Large Language Models (LLMs) operate as "black boxes," limiting interpretability. Our project creates a user-friendly GUI for Concept Bottleneck Layers (CBLs) that connects model outputs to human-understandable concepts. This platform allows users of all technical backgrounds to integrate CBLs with pre-trained LLMs, visualize concept activations, analyze concept contributions, and prune biased concepts—all while maintaining model performance. Building on Weng et al. (2024), we bridge the gap between advanced interpretability techniques and practical applications through an accessible interface and robust architecture.
Figure 1: Comparison Between Traditional Black Box LLMs and Concept Bottleneck Models
Large Language Models (LLMs) excel at many tasks but function as "black boxes," raising concerns about trust and accountability. Concept Bottleneck Models (CBMs) address this by using human-interpretable concepts as intermediate layers, revealing which concepts influence model decisions. Key Challenges:
Our project builds on Weng et al. (2024) to create an intuitive GUI platform that democratizes access to CBL technology, allowing users of all technical backgrounds to leverage these powerful interpretability tools.

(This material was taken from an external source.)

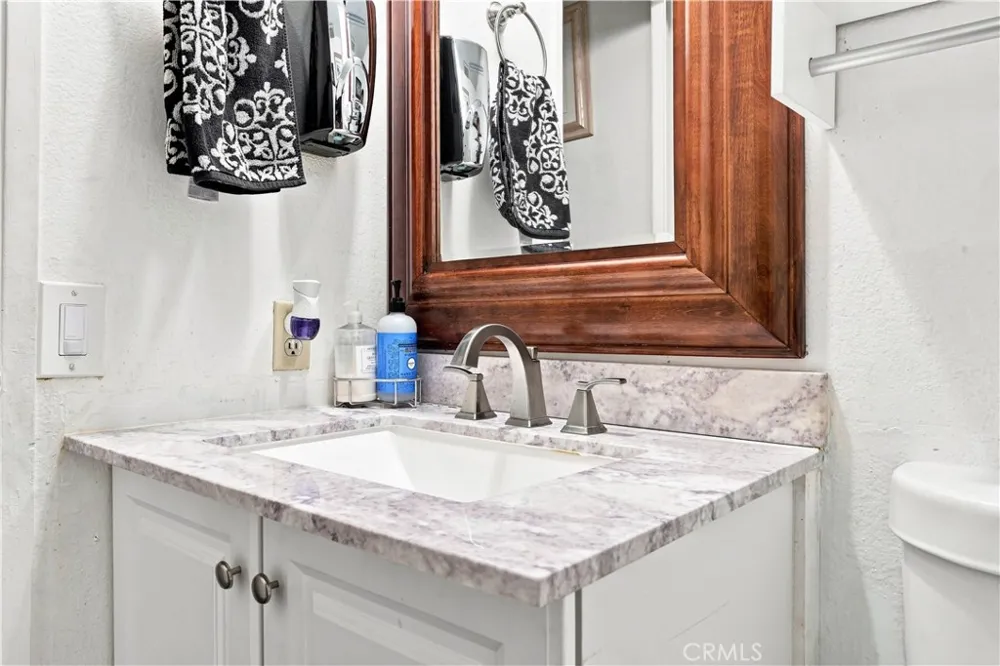9625 Sylmar Avenue #23 Panorama City, CA 91402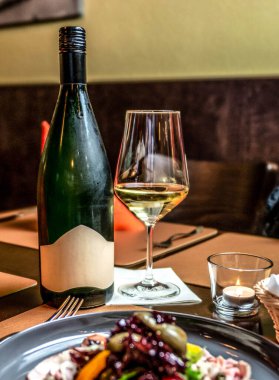 Lezzetli romantik Gala yemek masası, bir şişe şarap, masa döşeme, yan manzara yemek pornosu..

Figure 2: CBM-GUI Workflow: A comprehensive platform that enables users to train CBL models, visualize concept activations, identify biased concepts, and prune them to enhance model fairness and interpretability.
Our application has evolved significantly beyond the Minimal Viable Product (MVP) stage to a production-ready system with a scalable microservices architecture, persistent database storage, and a decoupled backend-frontend architecture.
Our system implements Concept Bottleneck Models (CBMs) that introduce interpretable layers to traditional "black-box" language models by mapping model representations to human-understandable concepts.
For text sample x and concept set C, we calculate concept scores as:
\begin{equation} S_c(x) = [E(c_1) \cdot E(x), E(c_2) \cdot E(x), ..., E(c_k) \cdot E(x)]^T \end{equation}Where \(E(x)\) is the text embedding from our sentence embedding model and \(E(c_i)\) is the embedding of concept i.
We optimize the CBL parameters to align with concept scores:
\begin{equation} \max_{\theta_1,\theta_2} \frac{1}{|D|} \sum_{x \in D} Sim(f_{CBL}(f_{LM}(x; \theta_1); \theta_2), S_c(x)) \end{equation}Where \(f_{LM}\) is the pretrained language model with parameters \(\theta_1\) and \(f_{CBL}\) is our concept bottleneck layer with parameters \(\theta_2\).
The final layer is trained with the following objective:
\begin{equation} \min_{W,b} \frac{1}{|D|} \sum_{x,y \in D} L_{CE}(W \cdot A^+_N(x) + b, y) + \lambda R(W) \end{equation}Where \(A^+_N(x) = ReLU(A_N(x))\) represents the non-negative activations from the CBL, and the regularization term \(R(W) = \alpha||W||_1 + (1-\alpha)\frac{1}{2}||W||^2_2\) combines L1 and L2 penalties.
For any text sample x, the contribution of concept i to class j is calculated as:
\begin{equation} \text{contribution}_{j,i} = a_i \times W_{j,i} \end{equation}Where \(a_i\) is the activation of concept i and \(W_{j,i}\) is the weight connecting concept i to class j.
To remove a biased concept i, we zero its weights:
\begin{equation} W_{j,i} = 0 \quad \forall j \in \{1, 2, ..., \text{num\_classes}\} \end{equation}This ensures that regardless of the concept's activation, its contribution becomes zero:
\begin{equation} \text{contribution}_{j,i} = a_i \times 0 = 0 \end{equation}We enhance concept scores based on class associations:
\begin{equation} S^{ACC}_c(x)_i = \begin{cases} E(c_i) \cdot E(x) & \text{if } E(c_i) \cdot E(x) > 0 \text{ and } M(c_i) = y \\ 0 & \text{otherwise} \end{cases} \end{equation}Where \(M(c_i)\) maps concept \(c_i\) to its associated class.
Figure 4: The top panel displays the raw activation values of the top 10 concepts. The bottom panel reveals the actual contributions of these concepts to the prediction.
The CBM-GUI platform represents a significant advancement in making LLM interpretability techniques accessible to a broader audience. By providing an intuitive interface for CBL integration, concept visualization, and bias mitigation through concept pruning, the system bridges the gap between theoretical interpretability research and practical applications.
Sun, C.-E., Oikarinen, T., and Weng, T.-W. Crafting large language models for enhanced interpretability. In ICLR, 2024.
Koh, P.W., Nguyen, T., Tang, Y.S., Mussmann, S., Pierson, E., Kim, B., and Liang, P. Concept bottleneck models. In International Conference on Machine Learning, 2020.
Yuksekgonul, M., Wang, B., and Zou, J. Post-hoc concept bottleneck models. In International Conference on Machine Learning, 2022.